• [EXERCISE OBJECTIVE]: Exactly retype the lines below from the one containing "Where's My Lovely" through the end of the listing. Leave pictures out.
= = =
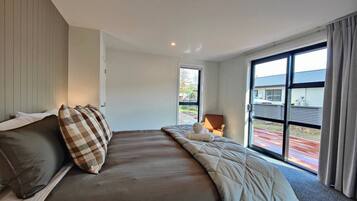 4 habitaciones, wifi y ropa de cama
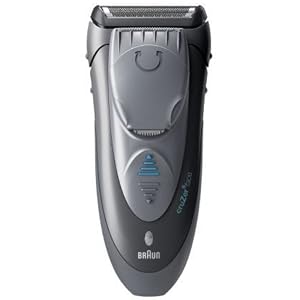 Braun CruZer6 Face - All-In-One Electric Shaver Plus Styler and Trimmer Wet and Dry - Image 3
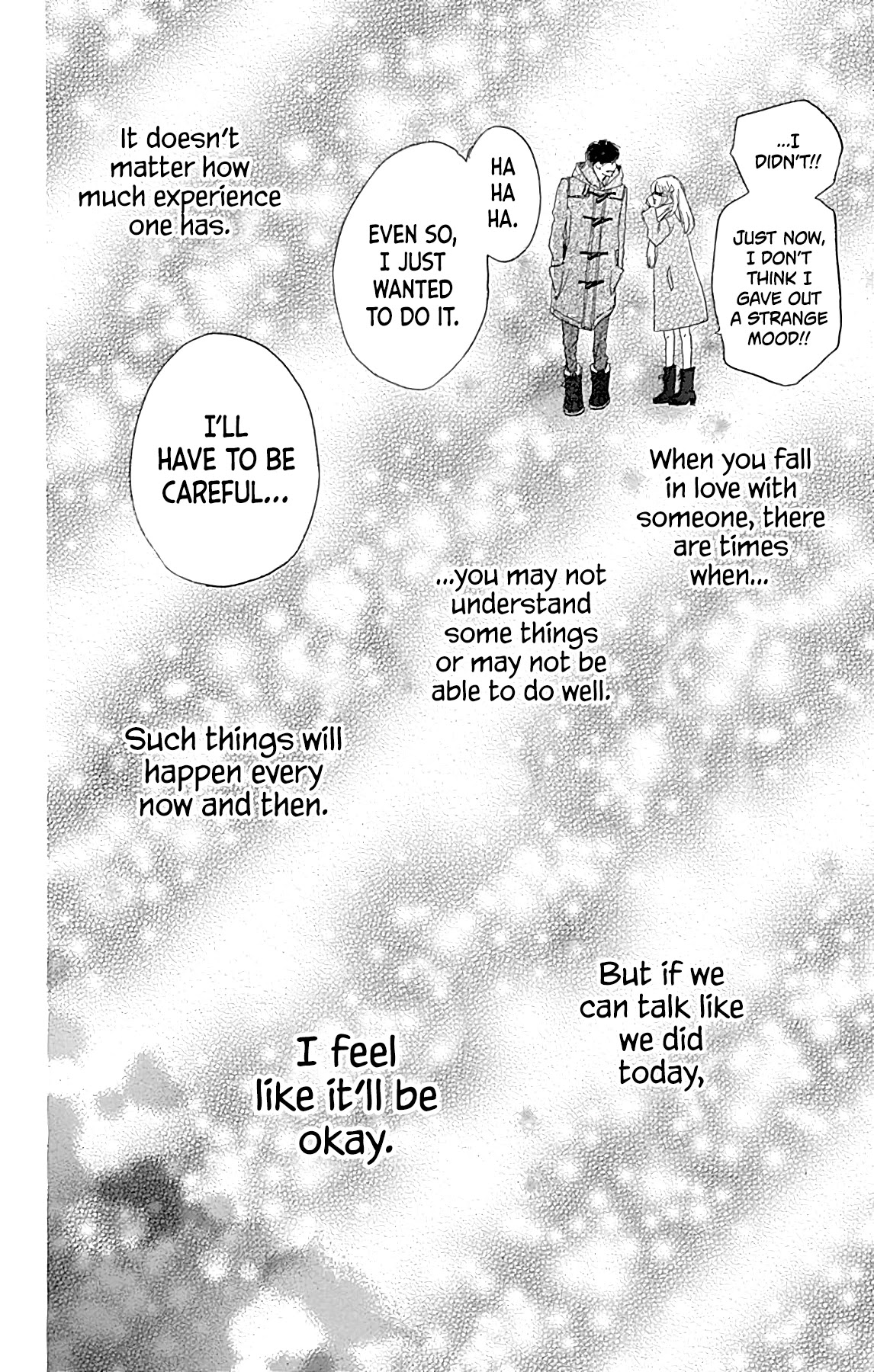Where's My Lovely Sweetheart? Chapter 18 page 39 - Chapter 18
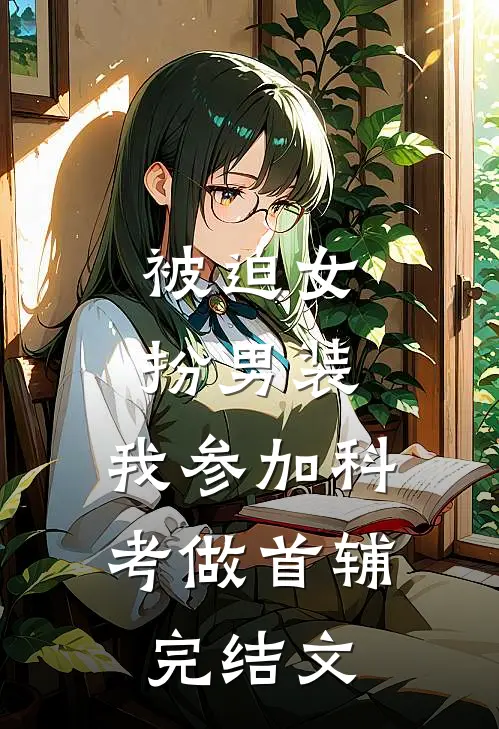 被迫女扮男装，我参加科考做首辅完结文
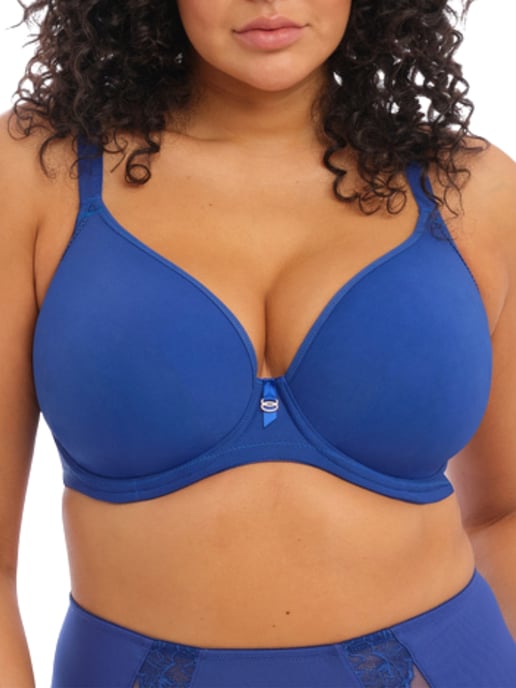 Bijou Banded Moulded Plunge T-Shirt Bra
= = =
• [EXERCISE RESPONSE]:
Where's My Lovely Sweetheart? Chapter 18 page 39 - Chapter 18
 被迫女扮男装，我参加科考做首辅完结文
 Bijou Banded Moulded Plunge T-Shirt Bra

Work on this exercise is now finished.